:: What the task asks ::
Beginning at the top of the data below, restate every line word for word until the line containing "The image shows" has been included, and omit the pictures.
Content starts
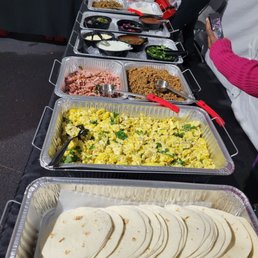 Breakfast Taco Bar- Jerk Chicken, Glazed Ham, Impossible Sausage, Jerk Lamb and Eggs.  Their toppings are !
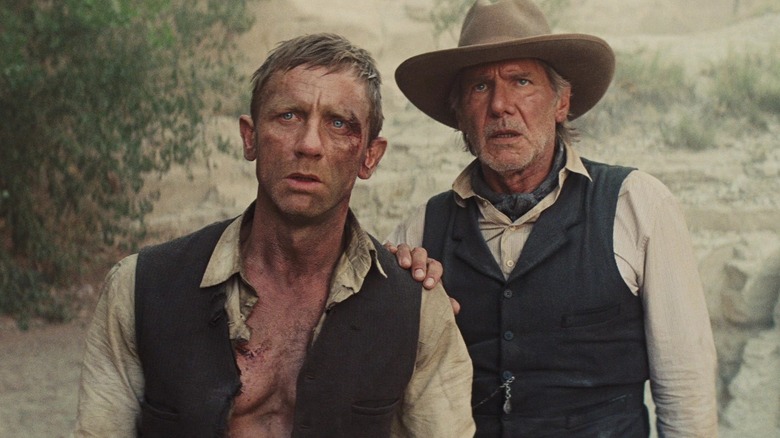 Daniel Craig and Harrison Ford staring in desert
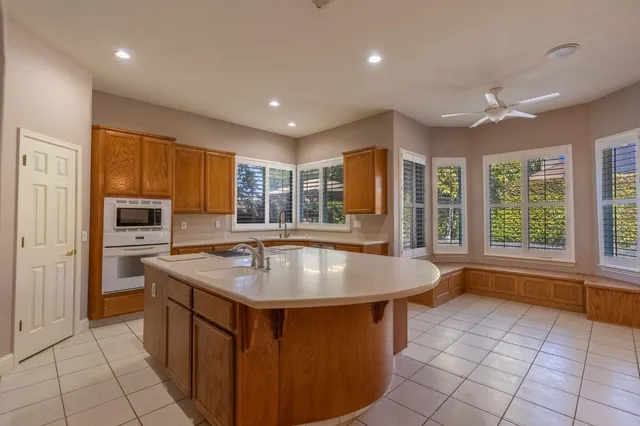 a kitchen with stainless steel appliances granite countertop a sink a oven and a refrigerator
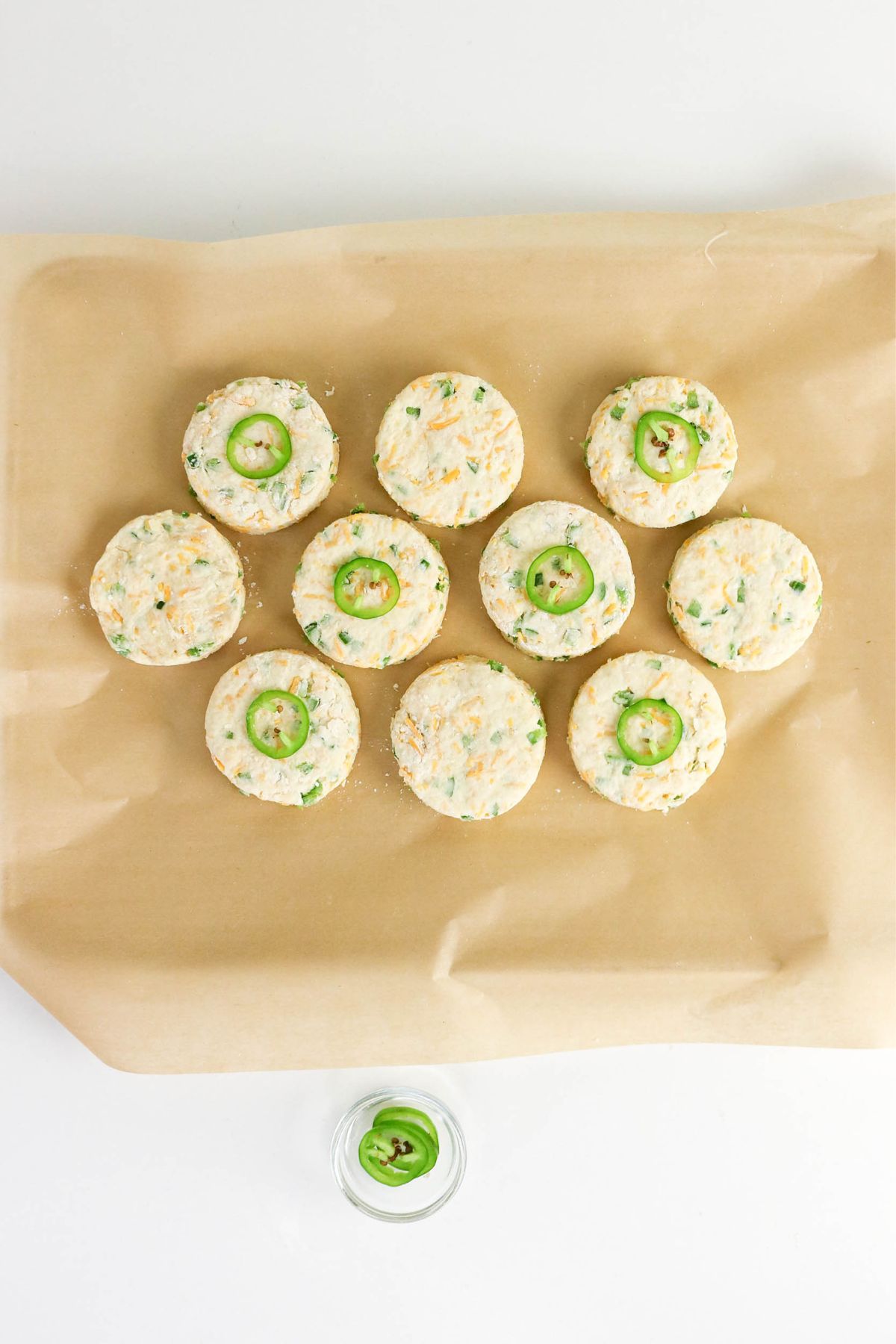 Ten round, unbaked biscuits with green jalapeño slices on top are arranged on parchment paper; a small glass bowl of green sauce sits nearby.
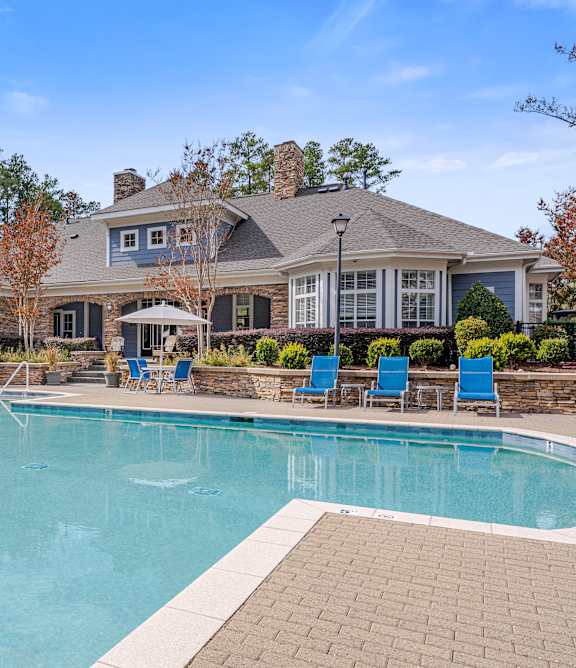 Pool with lounge chairs at Notting Hill Chapel Hill apartments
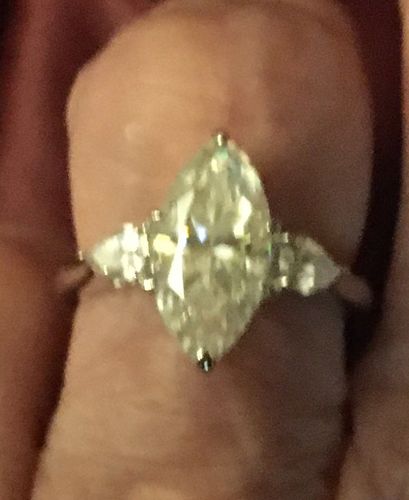 Customer photo review of Three Stone Marquise-Cut Moissanite Pear-Cut Side Stone Engagement Ring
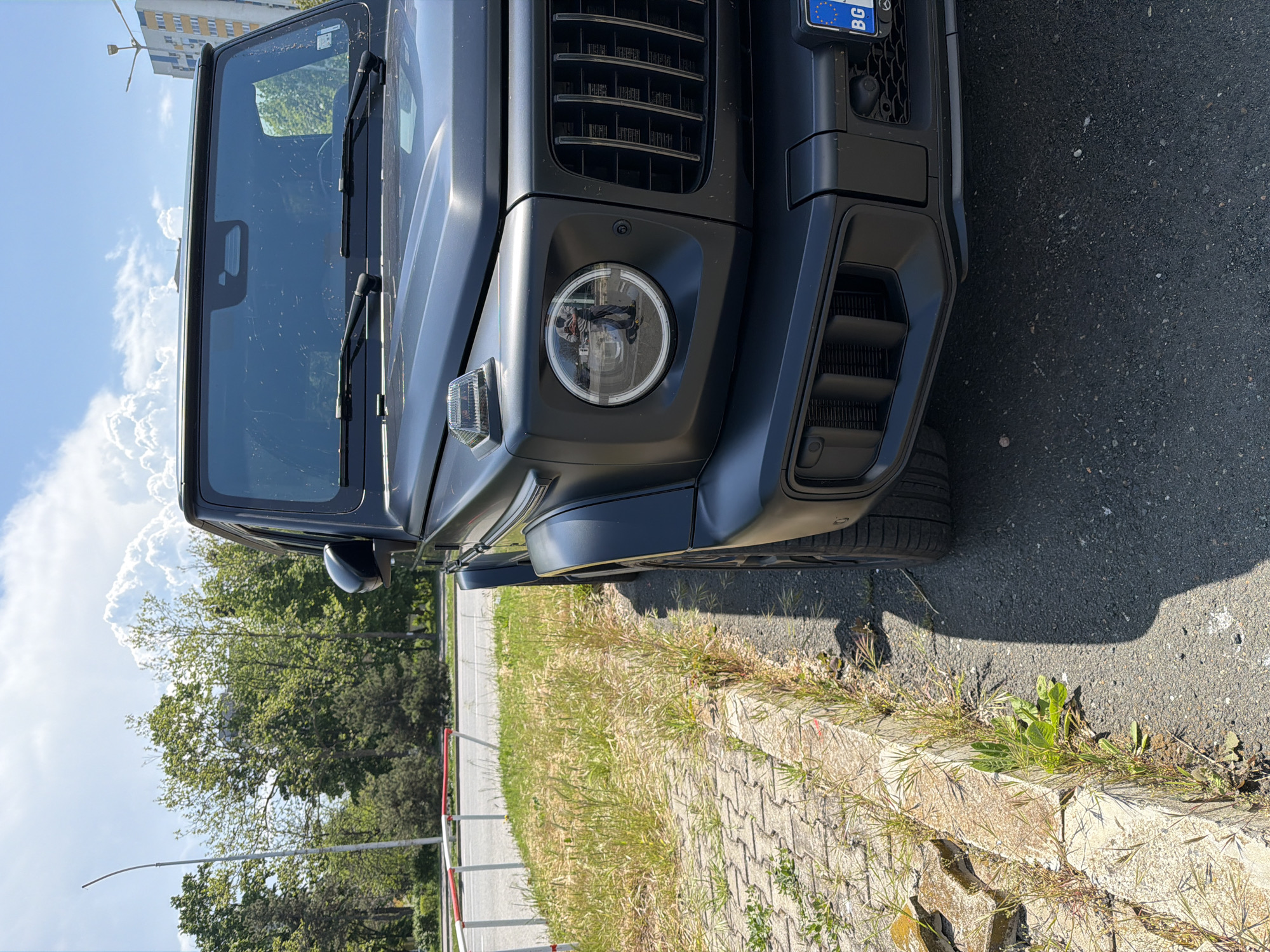 The image shows the front of a black SUV, specifically a Mercedes-Benz G-Class (G-Wagon), parked on the side of a paved road. The car is positioned with its front end facing the viewer and slightly to the right. The license plate is partially visible, displaying "BG," the country code for Bulgaria. The car appears to be in relatively good condition.
The surrounding environment consists of vegetation (grass and trees) along the roadside. A low retaining wall constructed of interlocking pavers separates the road from the vegetation. A light pole is also visible in the background. The sky is blue with some clouds. Based on the license plate code and general appearance, the location is likely in an urban area in Burgas, Bulgaria, but without specific landmarks, a precise location is difficult to determine.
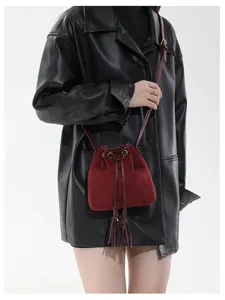 Close-up detail of dark red suede bucket bag with fringe and drawstring for autumn fashion.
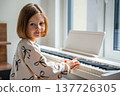 Home lesson on music for the girl on white piano synthesizer. Concept of early development: learning music enhances motor skills, hearing, and intelligence, fostering creativity from childhood 137726305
Content ends
:: Reply to the exercise ::
 Breakfast Taco Bar- Jerk Chicken, Glazed Ham, Impossible Sausage, Jerk Lamb and Eggs.  Their toppings are !
 Daniel Craig and Harrison Ford staring in desert
 a kitchen with stainless steel appliances granite countertop a sink a oven and a refrigerator
 Ten round, unbaked biscuits with green jalapeño slices on top are arranged on parchment paper; a small glass bowl of green sauce sits nearby.
 Pool with lounge chairs at Notting Hill Chapel Hill apartments
 Customer photo review of Three Stone Marquise-Cut Moissanite Pear-Cut Side Stone Engagement Ring
 The image shows the front of a black SUV, specifically a Mercedes-Benz G-Class (G-Wagon), parked on the side of a paved road. The car is positioned with its front end facing the viewer and slightly to the right. The license plate is partially visible, displaying "BG," the country code for Bulgaria. The car appears to be in relatively good condition.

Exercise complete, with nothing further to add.